Anwälte sind nicht besonders beliebt. Umfragen sortieren sie regelmäßig unter die Berufe mit dem geringsten Ansehen und auch in den kulturindustriellen Hervorbringungen kommen sie nie gut weg, vielleicht mal abgesehen von denen John Grishams, dessen idealistische Junganwälte ihren Berufsstand auch nur in all seiner Fragwürdigkeit vorführen. Und im Übrigen fiktiv sind.
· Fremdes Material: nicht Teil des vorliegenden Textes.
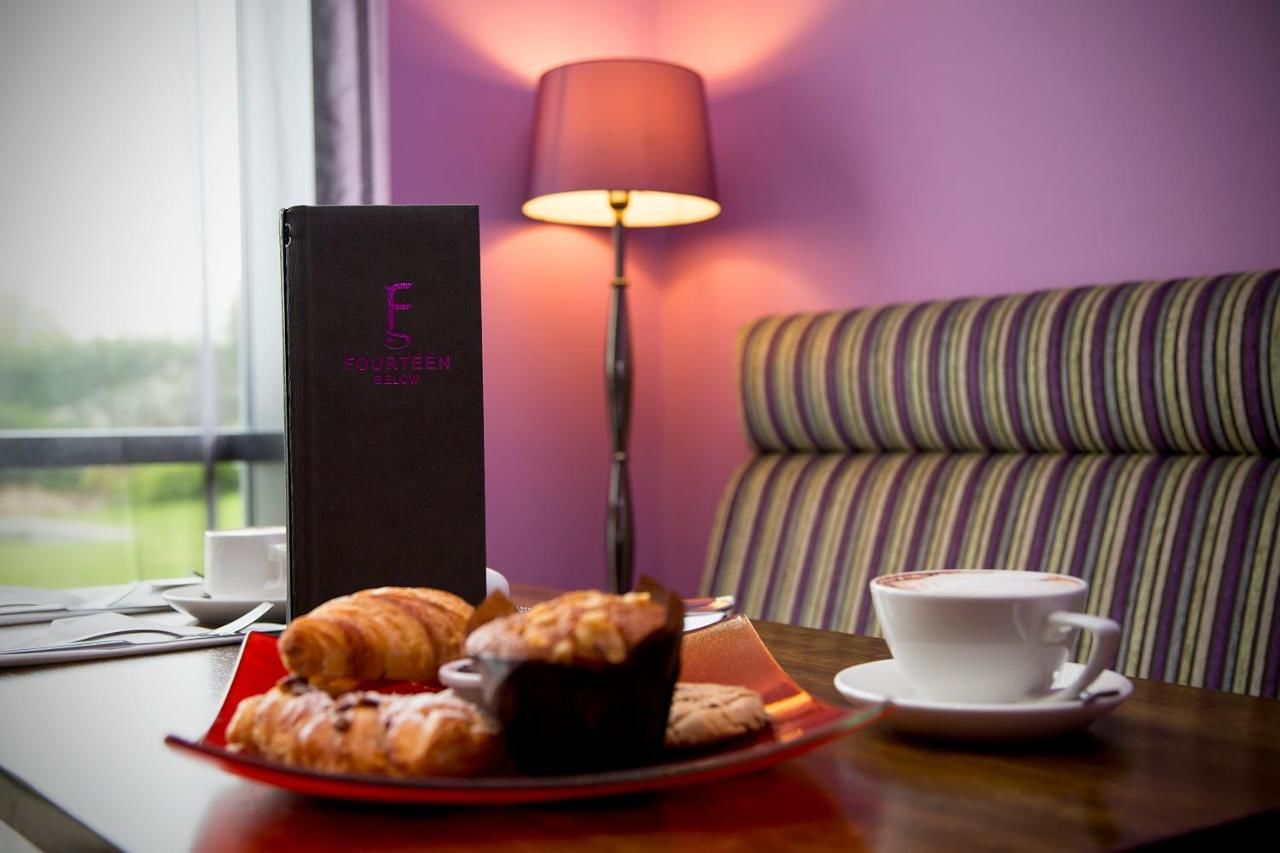 Отель Crowne Plaza Dundalk Дандолк-10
Die Unbeliebtheit der Anwälte mag damit zusammenhängen, dass man nur mit dieser Berufsgruppe zu tun hat, wenn es Ärger gibt. Anders als der Polizist, der auch mal Freund und Helfer sein kann und nicht nur der rancièresche Ordnungshüter ist, als den du ihn im aktuellen Lichtwolf portraitierst; auch anders als Ärzte oder EDV-Administratoren, mit denen man auch nur zu tun hat, wenn irgendwas nicht stimmt, die aber dann auch Retter in der Not sein können, scheint diese Janusköpfigkeit den Anwälten nicht vergönnt zu sein, und dies obwohl man im Rechtsstaat stets mindestens einen auf seiner Seite hat. Der Passauer Jura-Professor Johann Braun führte 1996 in seinem Aufsatz „Über die Unbeliebtheit des Juristen“ fünf mögliche Gründe an:
- Niemand wird gern belehrt, aber das ist vornehmliche Aufgabe der Juristen.
- In ihrer Fachsprache wird verhandelt, was alle angeht, „und wer davon betroffen ist, steht dabei und weiß nicht, wie ihm geschieht.“
- Aus jedem Zivilprozess geht eine Seite als Sieger, die andere als Verlierer hervor; erstere ist undankbar, weil sie sich eh im Recht fühlt, zweitere, weil ihr nicht zu ihrem Recht verholfen wurde und sie beide Anwälte bezahlen muss.
- Je mehr Prozesse geführt werden, desto mehr Verlierer gibt es, denen die Juristen erklären müssen, die andere Juristen seien schuld.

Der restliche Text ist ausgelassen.